Impressioni varie sulla quinta giornata: Roma - Parma (5-0)

 


- La partita con la Roma si preannunciava molto difficile e così è stata dal primo all'ultimo minuto. Dopo la conquista dei gironi Champions la squadra giallorossa gioca infatti con la menta liberissima e dispiega tutto il suo potenziale offensivo, comprimendo il Parma nella propria metà campo e chiudendo il primo tempo sul 3-0 con i gol di Haavi, Roman e Giacinti senza che la squadra di Ulderici riesca davvero a reagire. Lo strapotere fisico e mentale della Roma continua anche nella ripresa, contro un Parma troppo insicuro palla al piede, e così entrambe le norvegesi colpiscono ancora concludendo la gara con un netto 5-0.

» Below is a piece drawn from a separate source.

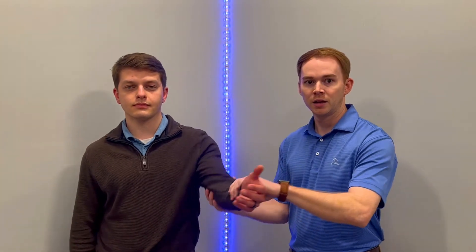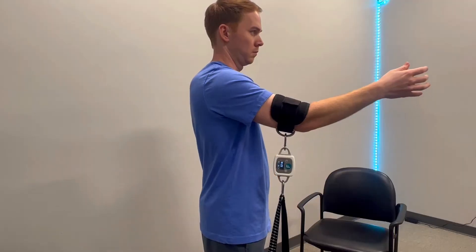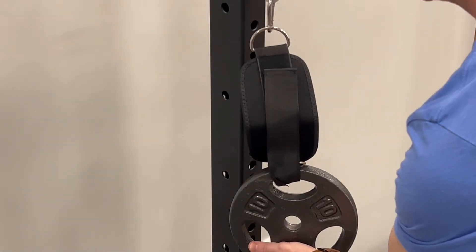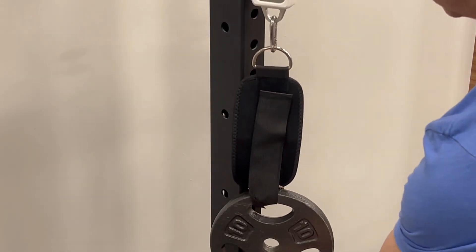Let's take shoulder flexion as an example. For manual muscle testing, I would place my hand here and tell the patient, 'Don't let me push you down,' and they would have to resist. Then I try to give my best estimate on what grade out of five I'd give that muscle. Now let's do that same assessment with the Easy Force — and now you have an exact measurement in pounds of what his shoulder is currently capable of performing.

- L'infermeria continua a non aiutare la squadra gialloblù che può finalmente schierare Giovana Maia dall'inizio ma perde Santoro, Silvioni e Cambiaghi, assenze queste che si aggiungono a quelle di Errico, Vaitukaitytė, Banusic e Ippolito. Heorum si posiziona quindi larga sulla destra, dalla parte opposta va Marchão, mentre a difendere la porta di Capelletti ci sono Giovana Maia, Cox e Jelenčić. In mezzo Bardin, Benoît e Farrelly dietro a Pirone e Martinovic che completano un 3-5-2 frutto più che altro della necessità. Nel secondo tempo ci sarà spazio anche per l'esordio in campionato di Williams e Micheli e per l'ingresso di Acuti, Caiazzo e Nicolini.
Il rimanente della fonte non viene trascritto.